Today we are introducing two new API actions for recursive loop detection:

GetFunctionRecursiveConfig returns details about a function’s recursive loop detection configuration.
PutFunctionRecursiveConfig sets the recursive loop detection configuration for a function. By default, recursive loop detection is turned ON for all functions.

How to use the new recursive loop detection APIs

You can configure recursive loop detection for Lambda functions through the Lambda Console, the AWS CLI, or Infrastructure as Code tools like AWS CloudFormation, AWS Serverless Application Model (AWS SAM), or AWS Cloud Development Kit (CDK). This new configuration option is supported in AWS SAM CLI version 1.123.0 and CDK v2.153.0.

If you turn recursive loop detection off for a function, the metric for RecursiveInvocationsDropped is no longer emitted for that function.

Turning off recursive loop detection on your function means that Lambda no longer prevents recursive invocations caused by misconfiguration. This may lead to unexpected usage and billing to your AWS account. You should explore alternate ways of architecting your workload that do not use recursive patterns. AWS recommends you exercise caution when turning off this guardrail feature.

Setting recursive loop detection configuration on a function using the Lambda Console

You can get recursive loop detection configuration in the AWS Lambda console:

In the AWS Lambda Console, navigate to the Functions page.
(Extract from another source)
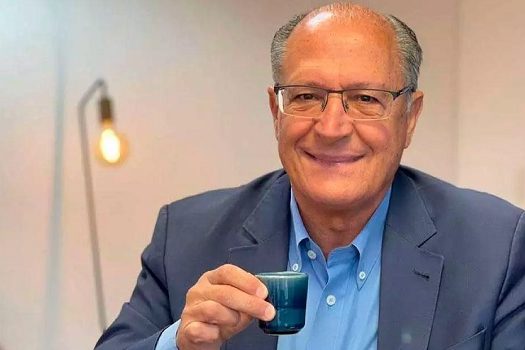 Geraldo Alckmin anuncia que vai se filiar ao PSB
Select the function that uses intentionally recursive patterns.
Select Configuration. You can find recursive loop detection controls under the Concurrency and recursion detection section.

Recursive loop detection controls in the Lambda console

Recursive loop detection is turned on by default for all functions. You can change the recursive loop detection configuration of a function by choosing Edit.
To turn off recursive loop detection for a function, select Allow recursive loops and select Save.

Setting to allow recursive loops

Setting recursive loop detection configuration using the AWS CLI

You can get the current recursion loop detection configuration of a Lambda function by using the following CLI command:

aws lambda get-function-recursion-config \
--region $AWS_REGION \
--function-name $FUNCTION_NAME

You can update the recursion loop detection configuration for a Lambda function by using the following CLI command:

aws lambda put-function-recursion-config \
--region $AWS_REGION \
--function-name $FUNCTION_NAME \
--recursive-loop Allow|Terminate

Make sure to set appropriate values for AWS_REGION and FUNCTION_NAME in the previous commands. Setting the put-function-recursion-config parameter to Allow turns off the default behavior of detecting recursive loops. Set this value to Terminate to switch back to default behavior.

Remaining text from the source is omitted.